RRIFs Part 2: What happens at end of life?

2019-04-30

In our previous post RRIFs Part 1: What are they?, we covered some RRIF basics. We said that while an RRSP is designed to receive contributions, a RRIF is designed to be used only for withdrawals, with very limited exceptions.

The most common exception is when a RRIF receives, aside from an RRSP rollover, a transfer of assets from the RRSP or RRIF of a deceased spouse or common-law partner. In general, when a RRIF holder dies, the value of the RRIF must be declared as income on the final tax filing of the deceased, unless the beneficiary is:

  • surviving spouse/common-law partner
  • financially dependent minor child or minor grandchild
  • financially dependent child or grandchild of any age who is infirm.
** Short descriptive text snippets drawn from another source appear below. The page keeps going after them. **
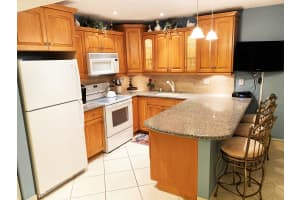 5180 E Sabal Palm Blvd, Tamarac, FL 33319, Sold 02/28/20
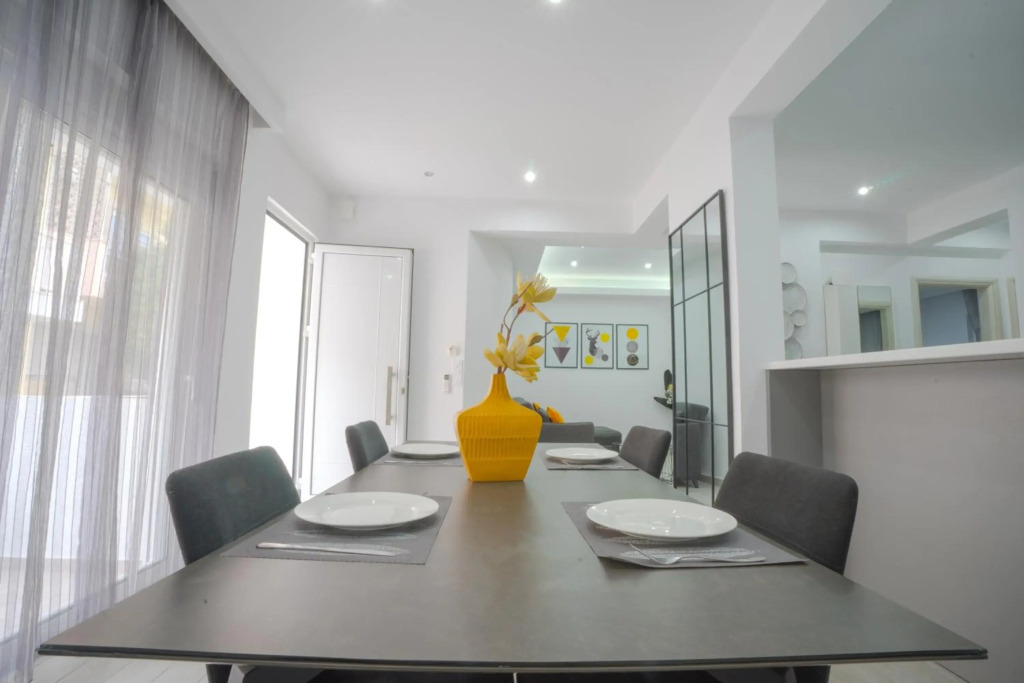 Rodini House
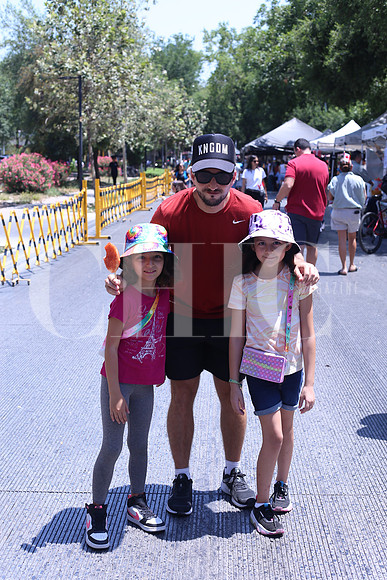 Alejandro de Urquidi, Olivia de Urquidi y Ela Schwartz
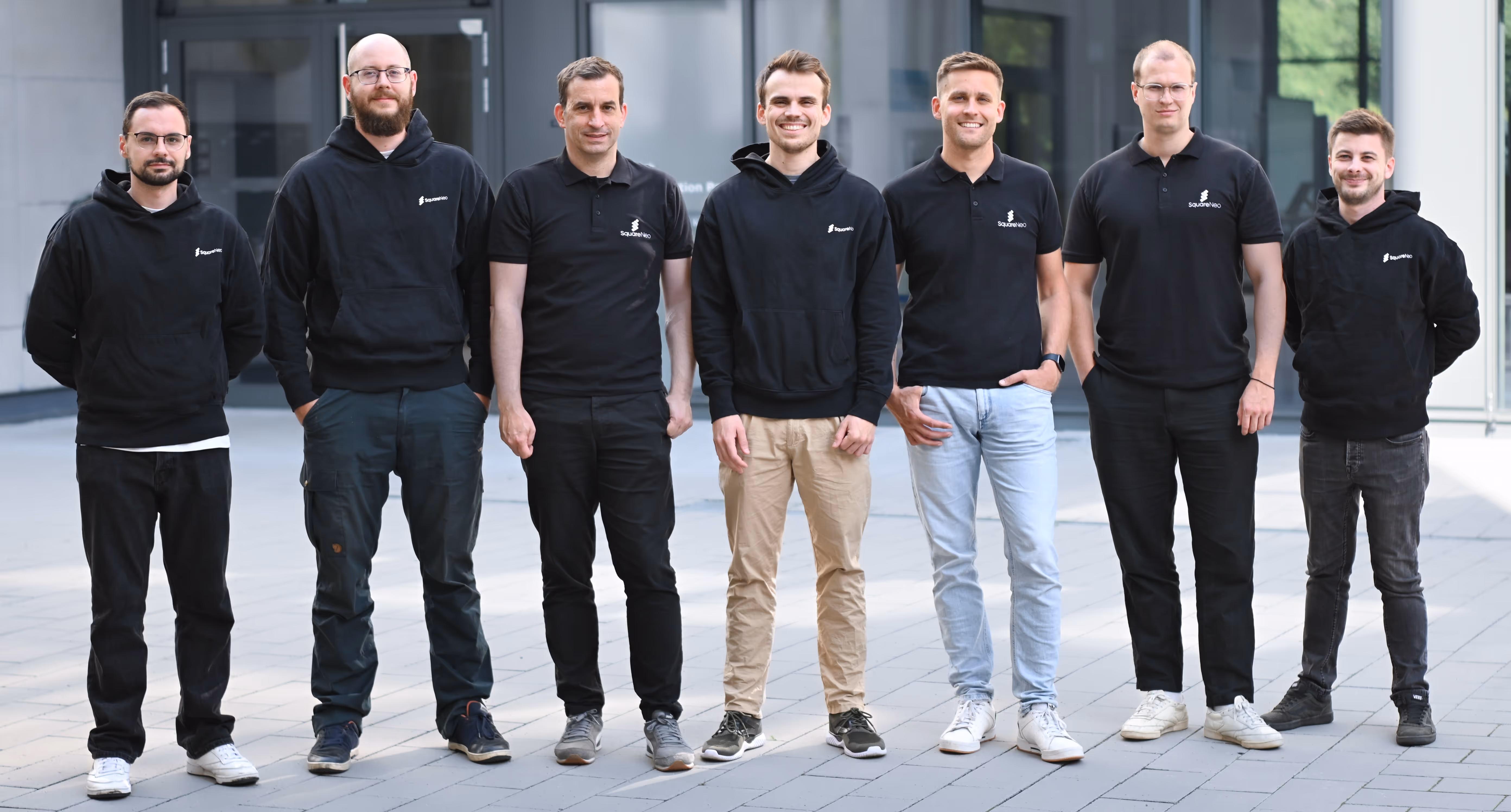Das Team von SquareNeo mit den beiden Gründern links und rechts der Mitte.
When the beneficiary falls into one of the above categories, he/she is considered “qualified” and, generally, can receive the RRIF assets without tax implication, but only if certain conditions are met. Some examples of conditions are:

  • the qualified beneficiary must be the sole RRIF beneficiary
  • the qualified sole beneficiary of a RRIF should be named in a legal will
  • the qualified sole beneficiary of a RRIF should be designated as such on the account

Most all asset transfers from a RRIF to a beneficiary will require that the RRIF value be reported as income on the deceased RRIF holder’s final tax filing and taxed accordingly. But if the beneficiary is qualified, taxes can be deferred, provided that deadlines to make these transfers are respected. As well, certain processes need to be followed to ensure the transfers remain tax sheltered. These deadlines are normally determined by the RRIF holder’s date of death and the necessary processes are dictated by government taxation guidelines.

Once the RRIF assets are received by the qualified beneficiary, the assets must be transferred to a tax-sheltered account like the beneficiary’s own RRSP or RRIF, eligible annuity, or term annuity to maximum age of 18, as the case applies. RRIF beneficiaries aged 18 to 71 are able to transfer the inherited RRIF to their own RRSP, and if aged over 71, to their own RRIF.

When a spouse is the intended inheritor, it may be important the spouse be named as the “successor annuitant” of the RRIF, rather than “beneficiary”. The process to transfer is far less complicated for the “successor annuitant” since it permits the surviving spouse to simply take over the receipt of the deceased’s RRIF payments.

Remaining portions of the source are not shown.